FACEBOOK PROVA A RILANCIARE “LIVE AUDIO ROOMS”

Facebook paga e anche profumatamente per rilanciare la funzione “Live Audio Rooms” negli USA.

Introdotta ufficialmente a giugno negli Stati Uniti e solo a ottobre a livello globale, “Live Audio Rooms” fa parte della nuova gamma di servizi audio presentati da Facebook. Tra questi spicca sicuramente Soundbites, una funzione di audio brevi non troppo dissimile dai Reels di Instagram.

Ma chi sono i destinatari della campagna di Facebook? I creator di contenuti. Secondo la rivista “The Information”, saranno remunerati con un compenso tra i 10.000 e i 50.000 dollari per ogni apporto dato sulla piattaforma.
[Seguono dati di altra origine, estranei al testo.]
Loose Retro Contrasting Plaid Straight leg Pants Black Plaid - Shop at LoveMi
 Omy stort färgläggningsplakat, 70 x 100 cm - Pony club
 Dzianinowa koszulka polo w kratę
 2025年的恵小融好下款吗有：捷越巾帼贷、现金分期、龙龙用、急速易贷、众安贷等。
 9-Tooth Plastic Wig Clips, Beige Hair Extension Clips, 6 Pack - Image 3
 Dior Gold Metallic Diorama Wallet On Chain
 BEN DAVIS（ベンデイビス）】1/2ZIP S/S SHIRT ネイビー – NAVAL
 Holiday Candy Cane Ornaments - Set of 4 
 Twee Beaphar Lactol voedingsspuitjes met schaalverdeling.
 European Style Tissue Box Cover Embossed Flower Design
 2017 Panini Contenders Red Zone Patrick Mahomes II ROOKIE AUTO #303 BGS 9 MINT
Saranno pagati per sessione e riceveranno una cifra aggiuntiva di 10.000 dollari ogni volta che porteranno ospiti con loro durante la fase di streaming. L’obiettivo di Facebook è quello di spingere i creators a ospitare da 4 a 6 sessioni di streaming che durino mezz’ora o anche di più. Il budget globale di questa iniziativa sfiora il miliardo di dollari, non esattamente pochi soldi.

La neonata Meta si muove in questa direzione per contrastare il servizio offerto da Clubhouse e può contare su numerosi precedenti che fanno bene sperare. Solo pochi mesi fa Instagram ha adottato la sua stessa strategia per aumentare il coinvolgimento sui Reels. Anche il quel caso l’incentivo economico era piuttosto cospicuo: 35.000 dollari per ogni contenuto pubblicato. Ma la casistica non si esaurisce con questo esempio: TikTok ha il suo Creator Fund, Snapchat ha il suo programma Spotlight e Twitter ha lanciato dall’anno scorso un programma di accelerazione a pagamento per la sua funzione audio Spaces.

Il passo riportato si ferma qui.